_Task goal_
Everything from the line containing "mini spitz: Şpitz, 2 ay, Dişi, Peyvəndli — 4" to the end of the listing, both included, should be returned exactly, apart from the pictures.

(Given records)

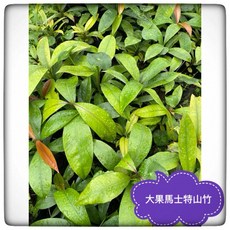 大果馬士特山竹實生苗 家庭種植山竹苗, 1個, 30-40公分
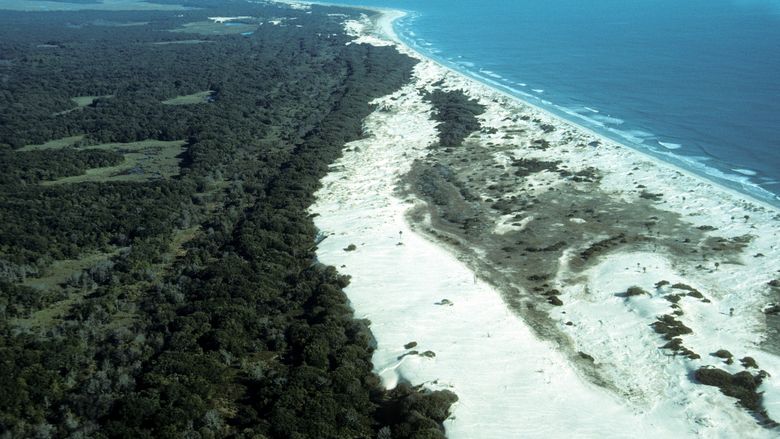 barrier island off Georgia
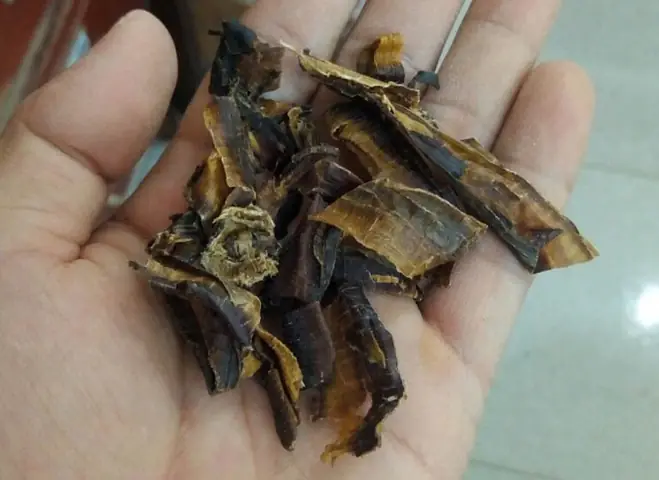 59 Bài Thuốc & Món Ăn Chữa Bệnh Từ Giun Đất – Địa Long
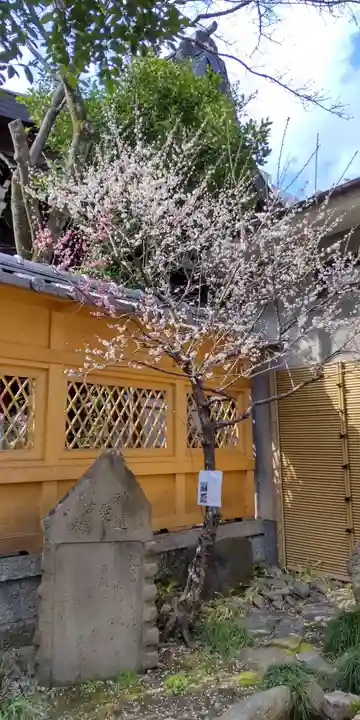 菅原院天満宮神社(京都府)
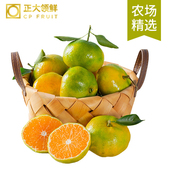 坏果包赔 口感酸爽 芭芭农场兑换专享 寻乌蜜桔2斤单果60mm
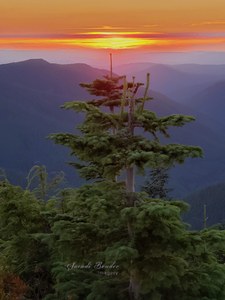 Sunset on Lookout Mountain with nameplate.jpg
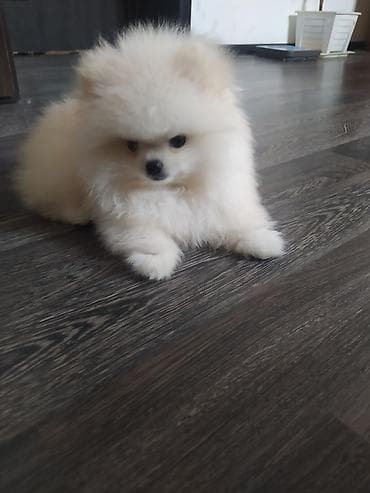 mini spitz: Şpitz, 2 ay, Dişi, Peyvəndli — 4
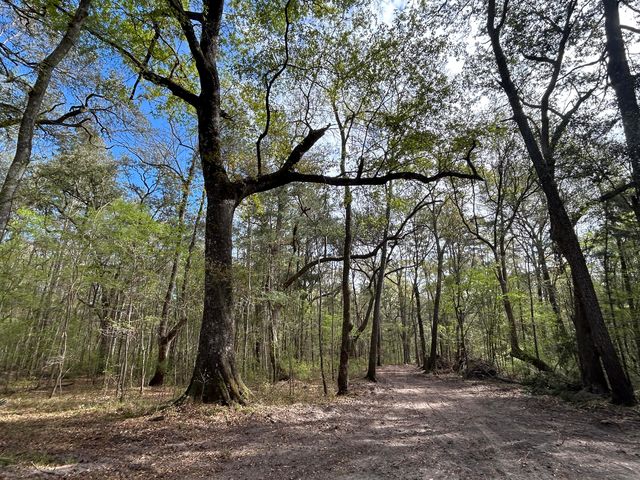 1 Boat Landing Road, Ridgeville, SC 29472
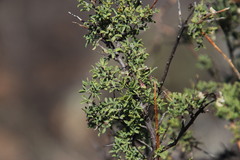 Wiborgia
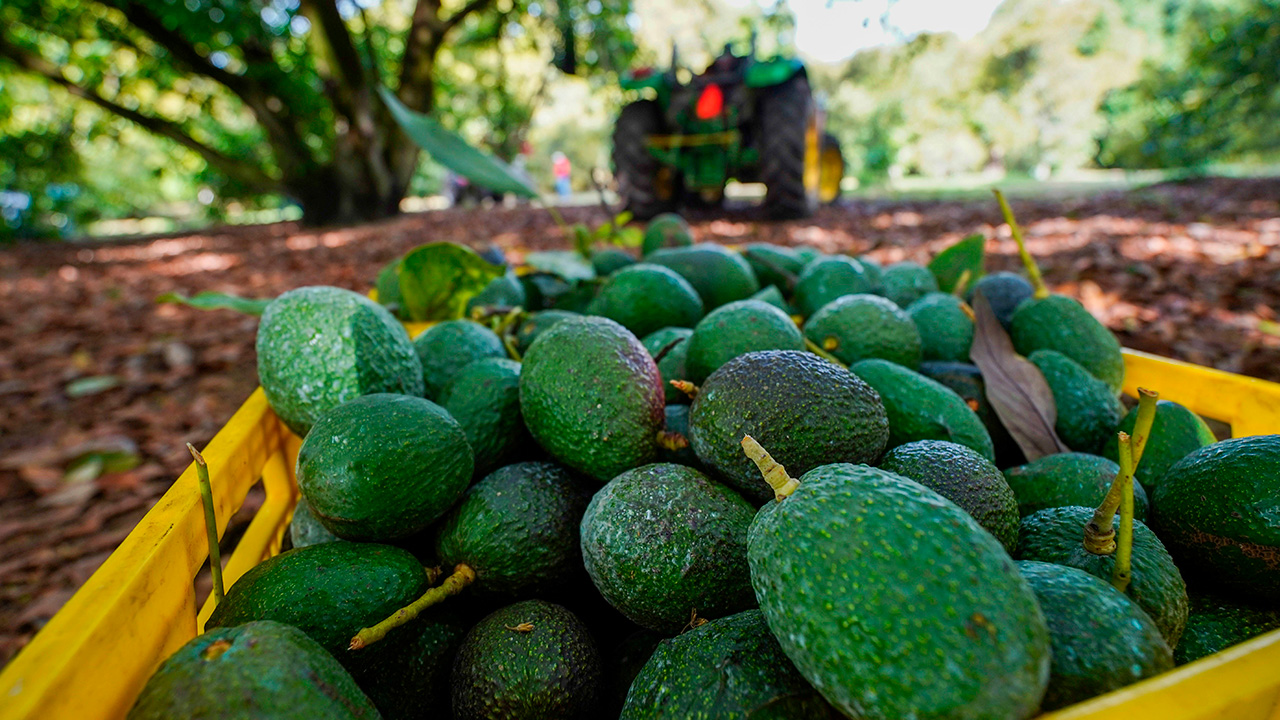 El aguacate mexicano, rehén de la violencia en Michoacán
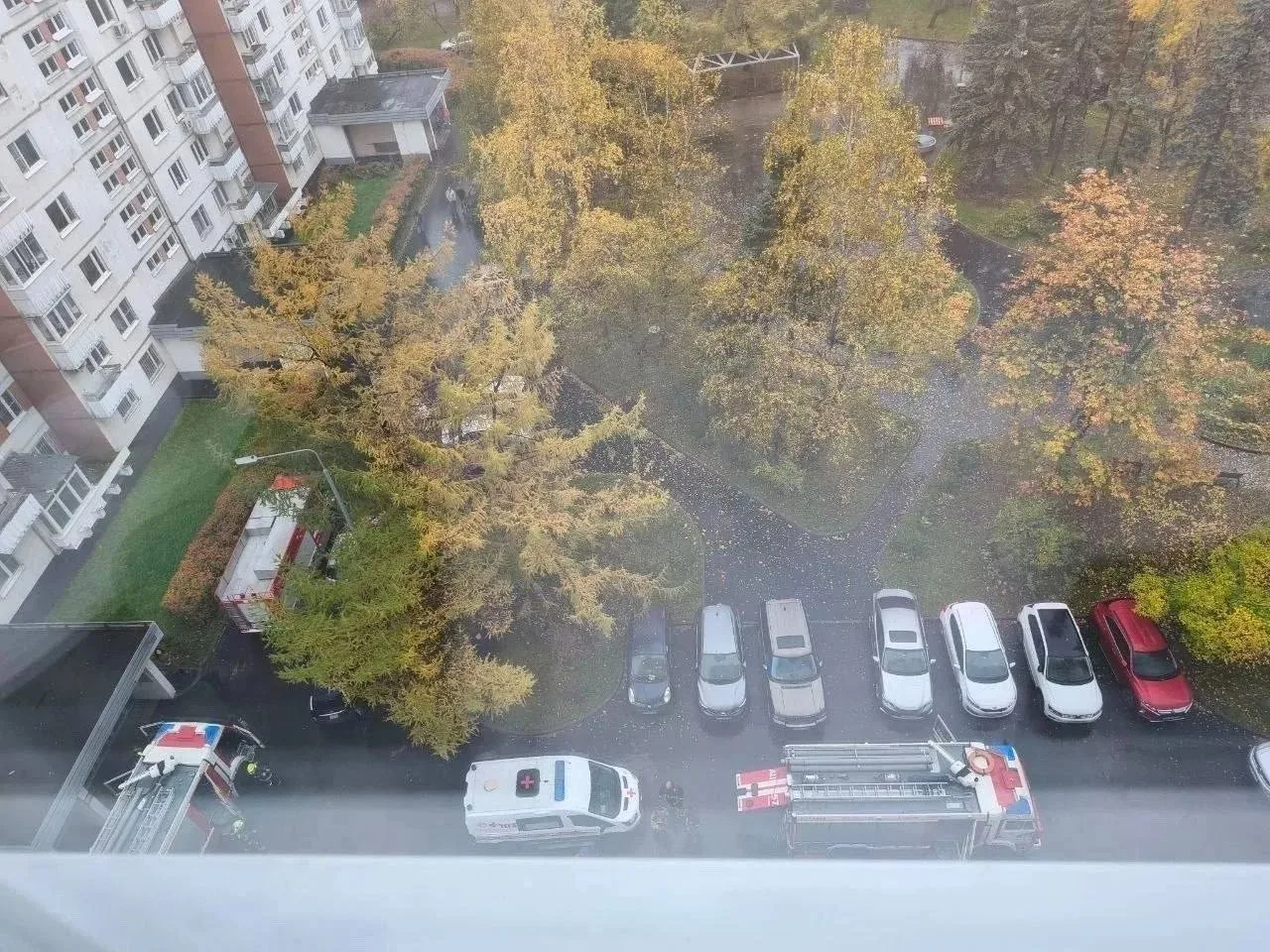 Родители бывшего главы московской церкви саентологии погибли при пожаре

(End Given records)

_Expected answer_
 mini spitz: Şpitz, 2 ay, Dişi, Peyvəndli — 4
 1 Boat Landing Road, Ridgeville, SC 29472
 Wiborgia
 El aguacate mexicano, rehén de la violencia en Michoacán
 Родители бывшего главы московской церкви саентологии погибли при пожаре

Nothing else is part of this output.